En s’exprimant ainsi, Joseph Kabila cherche à rétablir un lien symbolique avec l’armée nationale, qu’il accuse d’être humiliée, négligée et suppléée par des mercenaires et des milices tribales. Son déplacement à Goma, ancien bastion militaire, peut être interprété comme un geste de ralliement silencieux à l’armée déployée à l’Est, mais aussi une tentative de remobilisation morale.


Une posture politique à double tranchant

L’installation de Kabila à Goma constitue une rupture géopolitique majeure dans le paysage congolais. Elle soulève plusieurs hypothèses :

  1. Réhabilitation personnelle dans une zone qui refuse les verdicts de Kinshasa ?
  2. Préparation d’un leadership transitoire dans une région qui revendique un rôle actif dans la redéfinition du pouvoir central ?
  3. Message subliminal à la communauté internationale, en montrant qu’il existe un contre-pouvoir viable, même en territoire dit « rebelle » ?

Le fait que Kabila évoque l’urgence d’un « pacte citoyen pour la refondation de l’État » peut aussi s’interpréter comme un appel implicite à une transition inclusive, à partir de toutes les forces politiques et géographiques du pays.

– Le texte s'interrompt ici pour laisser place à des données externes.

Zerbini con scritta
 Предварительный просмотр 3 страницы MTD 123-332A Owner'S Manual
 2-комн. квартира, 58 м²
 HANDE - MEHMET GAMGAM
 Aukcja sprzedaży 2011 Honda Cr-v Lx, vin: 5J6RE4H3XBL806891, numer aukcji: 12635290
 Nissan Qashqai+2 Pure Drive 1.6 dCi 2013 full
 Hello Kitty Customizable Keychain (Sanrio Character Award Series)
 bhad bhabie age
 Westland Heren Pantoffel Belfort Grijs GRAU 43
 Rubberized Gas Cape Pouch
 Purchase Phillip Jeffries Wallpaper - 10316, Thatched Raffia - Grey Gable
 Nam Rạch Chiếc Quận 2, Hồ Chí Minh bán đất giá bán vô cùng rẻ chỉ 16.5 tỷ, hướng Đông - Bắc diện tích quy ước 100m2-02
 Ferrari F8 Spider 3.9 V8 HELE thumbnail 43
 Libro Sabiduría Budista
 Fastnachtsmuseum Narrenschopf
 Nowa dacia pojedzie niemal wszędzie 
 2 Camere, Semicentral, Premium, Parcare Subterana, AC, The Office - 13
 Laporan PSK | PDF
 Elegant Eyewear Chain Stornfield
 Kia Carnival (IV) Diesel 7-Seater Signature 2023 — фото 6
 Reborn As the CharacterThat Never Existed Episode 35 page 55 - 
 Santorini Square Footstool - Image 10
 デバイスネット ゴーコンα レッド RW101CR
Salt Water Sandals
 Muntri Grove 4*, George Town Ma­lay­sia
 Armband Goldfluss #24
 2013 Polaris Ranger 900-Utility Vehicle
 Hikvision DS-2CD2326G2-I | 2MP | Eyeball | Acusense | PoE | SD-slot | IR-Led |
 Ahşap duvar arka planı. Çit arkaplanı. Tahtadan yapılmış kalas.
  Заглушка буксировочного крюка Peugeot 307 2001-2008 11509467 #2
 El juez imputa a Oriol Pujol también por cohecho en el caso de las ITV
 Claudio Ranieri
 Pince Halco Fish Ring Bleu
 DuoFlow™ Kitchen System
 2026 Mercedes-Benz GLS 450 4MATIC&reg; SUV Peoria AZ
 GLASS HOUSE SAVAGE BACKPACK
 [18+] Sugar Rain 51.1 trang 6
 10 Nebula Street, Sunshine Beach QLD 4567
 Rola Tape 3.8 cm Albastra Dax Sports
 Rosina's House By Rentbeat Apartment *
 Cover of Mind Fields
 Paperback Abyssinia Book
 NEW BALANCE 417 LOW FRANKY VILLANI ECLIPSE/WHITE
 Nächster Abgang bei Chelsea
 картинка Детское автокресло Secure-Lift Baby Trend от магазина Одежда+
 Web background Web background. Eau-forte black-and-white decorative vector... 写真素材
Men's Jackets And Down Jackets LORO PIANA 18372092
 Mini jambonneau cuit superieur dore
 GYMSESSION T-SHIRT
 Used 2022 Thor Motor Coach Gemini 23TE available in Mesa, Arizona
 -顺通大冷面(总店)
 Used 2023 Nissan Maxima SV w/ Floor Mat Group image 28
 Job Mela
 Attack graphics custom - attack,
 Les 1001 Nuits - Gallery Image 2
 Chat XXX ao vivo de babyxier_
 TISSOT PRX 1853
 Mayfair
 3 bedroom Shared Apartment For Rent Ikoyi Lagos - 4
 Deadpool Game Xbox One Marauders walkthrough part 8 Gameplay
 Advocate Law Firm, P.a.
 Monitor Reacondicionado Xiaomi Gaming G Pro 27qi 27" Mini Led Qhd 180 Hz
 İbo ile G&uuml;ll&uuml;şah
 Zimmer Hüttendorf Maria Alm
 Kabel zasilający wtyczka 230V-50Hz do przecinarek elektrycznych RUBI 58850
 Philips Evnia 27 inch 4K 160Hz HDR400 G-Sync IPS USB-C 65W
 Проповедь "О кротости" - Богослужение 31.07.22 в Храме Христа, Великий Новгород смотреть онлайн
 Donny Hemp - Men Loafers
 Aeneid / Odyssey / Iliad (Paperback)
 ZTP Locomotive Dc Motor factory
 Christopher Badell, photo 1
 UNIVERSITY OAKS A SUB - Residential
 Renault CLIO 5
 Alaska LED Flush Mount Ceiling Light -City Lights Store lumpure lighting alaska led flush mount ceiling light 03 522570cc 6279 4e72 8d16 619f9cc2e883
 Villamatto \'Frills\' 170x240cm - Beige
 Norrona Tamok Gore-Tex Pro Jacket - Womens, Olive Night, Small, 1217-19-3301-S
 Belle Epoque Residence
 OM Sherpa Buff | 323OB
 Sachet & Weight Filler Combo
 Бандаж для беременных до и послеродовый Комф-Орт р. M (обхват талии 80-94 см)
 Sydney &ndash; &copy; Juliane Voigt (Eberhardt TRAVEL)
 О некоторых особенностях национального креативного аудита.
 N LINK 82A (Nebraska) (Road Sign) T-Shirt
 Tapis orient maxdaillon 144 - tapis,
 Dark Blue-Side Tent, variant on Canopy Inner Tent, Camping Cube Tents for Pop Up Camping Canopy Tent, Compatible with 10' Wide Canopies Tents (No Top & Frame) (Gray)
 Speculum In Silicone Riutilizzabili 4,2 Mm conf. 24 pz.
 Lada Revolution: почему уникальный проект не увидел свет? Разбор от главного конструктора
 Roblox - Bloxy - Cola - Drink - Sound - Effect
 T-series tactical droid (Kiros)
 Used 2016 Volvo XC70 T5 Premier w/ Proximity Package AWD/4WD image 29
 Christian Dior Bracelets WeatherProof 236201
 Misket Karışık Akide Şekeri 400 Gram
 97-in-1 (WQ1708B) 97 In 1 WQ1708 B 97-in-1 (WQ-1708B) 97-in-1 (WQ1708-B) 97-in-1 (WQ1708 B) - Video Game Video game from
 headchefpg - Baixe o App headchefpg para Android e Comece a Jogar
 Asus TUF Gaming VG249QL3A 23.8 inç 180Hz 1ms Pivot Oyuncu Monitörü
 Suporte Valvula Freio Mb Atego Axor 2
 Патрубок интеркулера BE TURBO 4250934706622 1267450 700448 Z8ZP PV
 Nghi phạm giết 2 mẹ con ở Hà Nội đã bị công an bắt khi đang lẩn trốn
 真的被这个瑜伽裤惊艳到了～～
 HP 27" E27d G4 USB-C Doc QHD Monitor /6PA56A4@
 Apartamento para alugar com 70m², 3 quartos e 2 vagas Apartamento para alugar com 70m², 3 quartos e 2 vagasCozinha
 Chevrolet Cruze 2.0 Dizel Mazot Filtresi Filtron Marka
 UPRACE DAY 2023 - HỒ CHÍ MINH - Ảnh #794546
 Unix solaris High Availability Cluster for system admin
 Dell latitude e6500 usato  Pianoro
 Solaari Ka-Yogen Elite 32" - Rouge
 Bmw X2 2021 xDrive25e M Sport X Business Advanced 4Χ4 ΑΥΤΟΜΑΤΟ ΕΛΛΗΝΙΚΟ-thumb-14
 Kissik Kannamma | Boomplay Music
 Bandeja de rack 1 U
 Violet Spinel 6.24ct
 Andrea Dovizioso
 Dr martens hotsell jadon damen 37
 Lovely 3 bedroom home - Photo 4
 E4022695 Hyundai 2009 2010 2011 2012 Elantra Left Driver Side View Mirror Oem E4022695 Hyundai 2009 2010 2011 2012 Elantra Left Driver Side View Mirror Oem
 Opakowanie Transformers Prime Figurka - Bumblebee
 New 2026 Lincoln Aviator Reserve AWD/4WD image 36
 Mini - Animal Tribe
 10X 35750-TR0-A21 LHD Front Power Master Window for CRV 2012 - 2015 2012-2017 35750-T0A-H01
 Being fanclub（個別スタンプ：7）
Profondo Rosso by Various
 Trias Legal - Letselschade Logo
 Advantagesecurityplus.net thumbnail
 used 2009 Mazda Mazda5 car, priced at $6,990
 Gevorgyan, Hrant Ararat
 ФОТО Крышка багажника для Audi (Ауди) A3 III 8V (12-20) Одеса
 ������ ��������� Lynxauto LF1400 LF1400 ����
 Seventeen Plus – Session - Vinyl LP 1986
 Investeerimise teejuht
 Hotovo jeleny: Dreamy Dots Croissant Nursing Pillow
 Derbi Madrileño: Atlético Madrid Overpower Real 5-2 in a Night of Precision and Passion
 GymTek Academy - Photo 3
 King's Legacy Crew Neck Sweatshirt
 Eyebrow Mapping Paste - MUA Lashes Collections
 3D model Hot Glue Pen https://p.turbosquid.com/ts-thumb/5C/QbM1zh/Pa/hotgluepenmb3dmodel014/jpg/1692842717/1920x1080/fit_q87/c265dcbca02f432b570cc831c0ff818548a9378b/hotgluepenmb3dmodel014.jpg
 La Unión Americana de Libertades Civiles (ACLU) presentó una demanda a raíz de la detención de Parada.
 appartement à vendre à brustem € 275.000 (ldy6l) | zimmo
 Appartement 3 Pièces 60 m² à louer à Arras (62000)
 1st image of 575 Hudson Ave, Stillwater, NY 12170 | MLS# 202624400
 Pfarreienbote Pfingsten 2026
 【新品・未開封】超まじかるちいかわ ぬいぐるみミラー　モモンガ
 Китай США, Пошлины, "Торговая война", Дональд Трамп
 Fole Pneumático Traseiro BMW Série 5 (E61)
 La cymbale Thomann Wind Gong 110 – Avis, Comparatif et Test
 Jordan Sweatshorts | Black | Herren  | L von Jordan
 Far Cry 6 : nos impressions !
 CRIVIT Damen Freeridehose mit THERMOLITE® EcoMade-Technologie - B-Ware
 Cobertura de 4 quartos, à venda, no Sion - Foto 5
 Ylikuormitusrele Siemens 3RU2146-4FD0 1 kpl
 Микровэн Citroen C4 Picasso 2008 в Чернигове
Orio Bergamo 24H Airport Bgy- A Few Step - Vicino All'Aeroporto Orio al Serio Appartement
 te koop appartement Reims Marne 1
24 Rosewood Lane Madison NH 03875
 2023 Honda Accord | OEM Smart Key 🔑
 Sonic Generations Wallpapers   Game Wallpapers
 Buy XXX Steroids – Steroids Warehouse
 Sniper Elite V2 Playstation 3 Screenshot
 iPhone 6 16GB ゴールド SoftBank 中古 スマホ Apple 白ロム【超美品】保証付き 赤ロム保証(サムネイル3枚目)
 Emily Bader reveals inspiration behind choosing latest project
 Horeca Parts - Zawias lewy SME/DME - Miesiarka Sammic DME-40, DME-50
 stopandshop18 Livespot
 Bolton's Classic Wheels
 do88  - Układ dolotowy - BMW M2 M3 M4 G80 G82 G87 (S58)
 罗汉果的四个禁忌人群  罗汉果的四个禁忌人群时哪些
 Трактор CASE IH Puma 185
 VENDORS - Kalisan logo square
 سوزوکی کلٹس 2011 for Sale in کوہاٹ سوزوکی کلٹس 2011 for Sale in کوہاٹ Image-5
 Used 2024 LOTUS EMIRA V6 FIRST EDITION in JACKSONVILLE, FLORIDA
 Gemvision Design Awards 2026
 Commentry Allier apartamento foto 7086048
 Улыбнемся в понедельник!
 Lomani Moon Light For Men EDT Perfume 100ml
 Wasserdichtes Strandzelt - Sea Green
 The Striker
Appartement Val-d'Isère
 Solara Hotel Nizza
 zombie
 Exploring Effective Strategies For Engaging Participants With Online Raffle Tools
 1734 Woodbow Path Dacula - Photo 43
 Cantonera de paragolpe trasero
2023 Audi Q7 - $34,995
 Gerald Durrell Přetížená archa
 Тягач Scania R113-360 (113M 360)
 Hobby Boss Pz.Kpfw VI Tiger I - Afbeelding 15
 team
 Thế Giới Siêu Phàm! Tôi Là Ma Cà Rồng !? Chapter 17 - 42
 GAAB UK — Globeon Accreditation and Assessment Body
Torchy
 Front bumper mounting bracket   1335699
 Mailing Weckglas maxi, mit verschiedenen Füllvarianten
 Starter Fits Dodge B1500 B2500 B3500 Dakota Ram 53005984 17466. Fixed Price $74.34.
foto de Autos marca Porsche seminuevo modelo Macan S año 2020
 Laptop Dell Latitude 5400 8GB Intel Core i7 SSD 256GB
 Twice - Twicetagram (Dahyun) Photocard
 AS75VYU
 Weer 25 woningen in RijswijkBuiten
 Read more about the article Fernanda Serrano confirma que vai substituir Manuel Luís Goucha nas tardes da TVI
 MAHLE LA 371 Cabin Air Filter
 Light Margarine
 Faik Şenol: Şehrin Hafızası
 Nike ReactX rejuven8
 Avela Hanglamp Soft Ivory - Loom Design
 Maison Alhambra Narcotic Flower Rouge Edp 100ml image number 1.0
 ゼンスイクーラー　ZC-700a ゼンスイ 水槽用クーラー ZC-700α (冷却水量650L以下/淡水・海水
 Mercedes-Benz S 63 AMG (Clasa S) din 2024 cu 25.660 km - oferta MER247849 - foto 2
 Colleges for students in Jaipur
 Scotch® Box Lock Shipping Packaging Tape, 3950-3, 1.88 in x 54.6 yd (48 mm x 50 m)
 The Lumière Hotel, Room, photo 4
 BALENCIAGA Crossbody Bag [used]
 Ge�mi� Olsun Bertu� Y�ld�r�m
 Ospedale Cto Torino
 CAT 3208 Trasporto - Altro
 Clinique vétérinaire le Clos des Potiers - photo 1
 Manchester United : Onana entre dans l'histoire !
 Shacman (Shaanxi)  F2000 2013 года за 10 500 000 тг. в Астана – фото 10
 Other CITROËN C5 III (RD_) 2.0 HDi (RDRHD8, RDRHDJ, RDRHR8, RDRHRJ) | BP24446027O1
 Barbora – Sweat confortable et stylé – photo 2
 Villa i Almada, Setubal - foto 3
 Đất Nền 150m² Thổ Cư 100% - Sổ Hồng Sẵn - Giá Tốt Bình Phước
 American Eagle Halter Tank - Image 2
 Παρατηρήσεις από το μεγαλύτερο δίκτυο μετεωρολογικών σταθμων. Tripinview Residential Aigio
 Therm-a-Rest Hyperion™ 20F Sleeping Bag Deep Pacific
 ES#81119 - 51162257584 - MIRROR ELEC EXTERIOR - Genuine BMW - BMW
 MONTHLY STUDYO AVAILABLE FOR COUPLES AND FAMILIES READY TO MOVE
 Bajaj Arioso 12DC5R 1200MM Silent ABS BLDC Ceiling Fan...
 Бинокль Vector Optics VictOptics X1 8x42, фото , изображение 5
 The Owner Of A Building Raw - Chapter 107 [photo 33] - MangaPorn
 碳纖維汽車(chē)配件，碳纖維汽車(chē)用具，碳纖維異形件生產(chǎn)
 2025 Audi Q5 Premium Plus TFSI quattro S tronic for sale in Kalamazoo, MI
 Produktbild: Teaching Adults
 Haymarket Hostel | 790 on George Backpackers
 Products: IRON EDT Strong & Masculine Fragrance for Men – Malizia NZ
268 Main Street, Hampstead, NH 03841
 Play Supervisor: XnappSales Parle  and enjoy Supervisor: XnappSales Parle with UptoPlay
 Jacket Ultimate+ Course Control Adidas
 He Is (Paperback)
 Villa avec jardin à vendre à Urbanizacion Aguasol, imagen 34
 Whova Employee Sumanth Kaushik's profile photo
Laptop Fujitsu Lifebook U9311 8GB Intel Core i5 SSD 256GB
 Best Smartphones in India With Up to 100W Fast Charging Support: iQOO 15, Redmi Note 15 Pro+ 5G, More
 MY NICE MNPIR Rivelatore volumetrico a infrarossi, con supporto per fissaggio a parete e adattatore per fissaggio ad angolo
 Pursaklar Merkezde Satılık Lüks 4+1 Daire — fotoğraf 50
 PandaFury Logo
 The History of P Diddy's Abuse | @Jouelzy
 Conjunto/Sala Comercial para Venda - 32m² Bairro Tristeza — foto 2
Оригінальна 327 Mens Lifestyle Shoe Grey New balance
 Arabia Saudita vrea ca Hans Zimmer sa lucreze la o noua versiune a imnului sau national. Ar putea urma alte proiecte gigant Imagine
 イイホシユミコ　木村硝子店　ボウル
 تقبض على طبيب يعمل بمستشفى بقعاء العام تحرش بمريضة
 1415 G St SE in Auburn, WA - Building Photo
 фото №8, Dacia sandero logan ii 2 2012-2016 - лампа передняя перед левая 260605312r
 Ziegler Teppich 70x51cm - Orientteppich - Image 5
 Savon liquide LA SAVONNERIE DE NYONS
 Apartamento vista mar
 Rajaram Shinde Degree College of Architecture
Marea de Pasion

Kinshasa entre embarras, colère et dilemme

Le gouvernement central n’a pas encore officiellement réagi à l’arrivée de l’ancien président à Goma. Mais le silence pourrait être plus éloquent que toute déclaration hâtive. En janvier dernier, une simple rumeur de sa présence dans la ville avait déclenché une répression administrative et médiatique, ainsi qu’un renforcement sécuritaire.

Maintenant que la présence est avérée, saluée et médiatisée, Kinshasa se trouve face à un dilemme politique majeur :

  • Réagir frontalement, au risque d’escalader le conflit ?
  • Laisser faire, au risque de légitimer tacitement un espace politique alternatif à l’Est ?
  • Ou engager enfin un dialogue national, comme le suggérait Kabila lui-même en saluant l’initiative ECC-CENCO ?

Une interrogation en suspens

Quelle sera la réaction de Kinshasa ?

Et surtout, quelle sera la réaction du peuple congolais ?

Ce retour, qui mêle symbolisme historique, contestation politique et calcul stratégique, redéfinit le centre de gravité du pouvoir congolais. Entre Goma et Kinshasa, le duel de légitimités est plus que jamais lancé.